== Action item ==
Each line below from the one containing "Geraldine negro serpiente" through the one containing "日本橋三越カルチャーサロン秋" should be output exactly as it stands, and no other line should appear.

== Records to use ==

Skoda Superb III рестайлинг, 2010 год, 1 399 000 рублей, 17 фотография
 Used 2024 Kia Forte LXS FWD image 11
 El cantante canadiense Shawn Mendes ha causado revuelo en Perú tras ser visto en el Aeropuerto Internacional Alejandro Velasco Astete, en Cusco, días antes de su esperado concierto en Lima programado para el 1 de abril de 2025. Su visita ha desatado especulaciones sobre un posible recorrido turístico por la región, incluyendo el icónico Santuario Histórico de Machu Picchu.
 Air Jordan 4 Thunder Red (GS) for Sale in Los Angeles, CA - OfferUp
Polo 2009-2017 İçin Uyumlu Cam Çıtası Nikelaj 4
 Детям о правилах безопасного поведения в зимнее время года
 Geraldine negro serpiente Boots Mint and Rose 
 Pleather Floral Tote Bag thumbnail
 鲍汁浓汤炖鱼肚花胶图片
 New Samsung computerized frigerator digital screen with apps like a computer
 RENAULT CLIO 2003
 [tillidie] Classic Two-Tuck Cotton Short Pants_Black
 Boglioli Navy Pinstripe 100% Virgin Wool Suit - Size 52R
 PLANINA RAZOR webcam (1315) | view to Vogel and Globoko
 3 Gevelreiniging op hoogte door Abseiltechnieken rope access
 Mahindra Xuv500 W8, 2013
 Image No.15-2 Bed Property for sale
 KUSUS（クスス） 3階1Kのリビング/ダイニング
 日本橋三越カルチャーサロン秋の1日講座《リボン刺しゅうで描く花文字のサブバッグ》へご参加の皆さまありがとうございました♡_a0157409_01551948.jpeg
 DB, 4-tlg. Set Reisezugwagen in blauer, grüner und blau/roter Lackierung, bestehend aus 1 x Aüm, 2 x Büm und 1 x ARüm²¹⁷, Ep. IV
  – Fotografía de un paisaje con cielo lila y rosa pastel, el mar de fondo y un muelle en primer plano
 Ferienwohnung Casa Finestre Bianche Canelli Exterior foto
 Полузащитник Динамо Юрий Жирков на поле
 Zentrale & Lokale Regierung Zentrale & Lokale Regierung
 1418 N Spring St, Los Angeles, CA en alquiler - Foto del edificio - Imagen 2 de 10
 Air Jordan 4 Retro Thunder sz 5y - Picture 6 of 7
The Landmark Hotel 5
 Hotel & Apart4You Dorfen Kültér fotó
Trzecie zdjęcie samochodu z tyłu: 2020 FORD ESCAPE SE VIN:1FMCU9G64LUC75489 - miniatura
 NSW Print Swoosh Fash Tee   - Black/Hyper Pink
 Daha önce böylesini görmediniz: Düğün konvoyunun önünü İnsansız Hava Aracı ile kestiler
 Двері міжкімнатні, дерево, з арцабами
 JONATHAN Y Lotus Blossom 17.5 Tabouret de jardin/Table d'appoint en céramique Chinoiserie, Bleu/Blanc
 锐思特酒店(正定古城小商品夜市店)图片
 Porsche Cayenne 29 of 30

== Task response ==
 Geraldine negro serpiente Boots Mint and Rose 
 Pleather Floral Tote Bag thumbnail
 鲍汁浓汤炖鱼肚花胶图片
 New Samsung computerized frigerator digital screen with apps like a computer
 RENAULT CLIO 2003
 [tillidie] Classic Two-Tuck Cotton Short Pants_Black
 Boglioli Navy Pinstripe 100% Virgin Wool Suit - Size 52R
 PLANINA RAZOR webcam (1315) | view to Vogel and Globoko
 3 Gevelreiniging op hoogte door Abseiltechnieken rope access
 Mahindra Xuv500 W8, 2013
 Image No.15-2 Bed Property for sale
 KUSUS（クスス） 3階1Kのリビング/ダイニング
 日本橋三越カルチャーサロン秋の1日講座《リボン刺しゅうで描く花文字のサブバッグ》へご参加の皆さまありがとうございました♡_a0157409_01551948.jpeg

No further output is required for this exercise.